Toby pulled on his earlobes. He shouldn’t have taken another day off. He was a few days away from a promotion and he didn’t want to give anyone any reason not to offer it to him. But also, he was Karen Cooper’s doctor, and it was his duty to inform the family. He had problems, but he had to be responsible. He had given them hope. Now it was time to take it away.
He asked Hannah and Solly if they wouldn’t mind him running to the hospital for an hour. “I have a patient who is dying. I have to talk to her family.”
“Why didn’t you stop her from dying?” Solly asked.
“It’s not always up to me.”
Toby combed his hair and left the apartment, but while he waited for the elevator—it was a building with 150 apartments and only had two elevators—Solly came out calling his name.
“What is it?” Toby asked.
“We want to go with you.”
The elevator door opened. He let it close. “Okay, just get ready fast. And bring books.”
When he got to the hospital, Karen’s bed was still empty, but David Cooper was in her room. “What does this mean?” he asked, his hands in his hair. “I thought the surgery worked.”
Toby asked Clay to get Mr. Cooper some water, but he flung his arm to the side to dismiss it and said, “How could this have happened? I thought she was fine.”
Toby told him the surgery had been successful. The encephalopathy was resolved when the liver was removed. The organ had taken. But they suspected that Karen had had a hemorrhagic stroke—a bad one—and that was always a possibility after any surgery. She bled into her brain. It was random. It was one of the many things in medicine that couldn’t be foreseen. She was being taken for a CT scan to confirm. But they didn’t really need to. She hadn’t responded to any of the reflex tests that the resident had administered.
“I’m sorry,” Toby said. “We don’t know a lot yet. But this isn’t looking good.”
“When will we know?”
“In a few hours. Why don’t you go home and have dinner with your children. I’ll call you as soon as we know.”
David looked at the empty bed. “I can’t leave her alone here.”
“You’re not. You’re leaving her with us.”
David needed some time to absorb the things he couldn’t believe. Toby had heard from other doctors who worked with a poorer clientele that less fortunate people are more accepting of these things. Not the rich ones. Rich patients couldn’t believe that money couldn’t help, that their positions and club memberships and status couldn’t help. They couldn’t believe that nobody was coming to save them. But nobody was coming to save them.

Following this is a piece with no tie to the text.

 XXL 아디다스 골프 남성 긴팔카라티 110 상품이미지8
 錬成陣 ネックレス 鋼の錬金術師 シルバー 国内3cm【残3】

David left the room, like Toby suggested, and Toby went to check with radiology. They were right; it was a hemorrhagic stroke. Surgery came in and said there was nothing they could do. The poor woman. She had just come to. She had started talking. It felt like she might have made it through this. They’d watched everything so carefully. Surviving a rare illness only to buy it with something as banal as a surgical stroke—it was like a bad joke. He headed down the hall, but when he turned the corner to the door to the stairwell, he saw David in the hallway, talking to Karen’s friend Amy. He watched as David told her the news and hugged her. David left in the elevator, and Amy just stared at her phone, unsure what to do. She looked up and spotted Toby.
“Dr. Fleishman, is it true?”
“I’m sorry. This is just very bad luck.”
“Is she going to die?” Amy asked.
“I don’t know. She’s having tests done now. It’s not looking great.”
Amy began to cry. Toby steered her toward the family lounge, but before they could get there, she turned to him.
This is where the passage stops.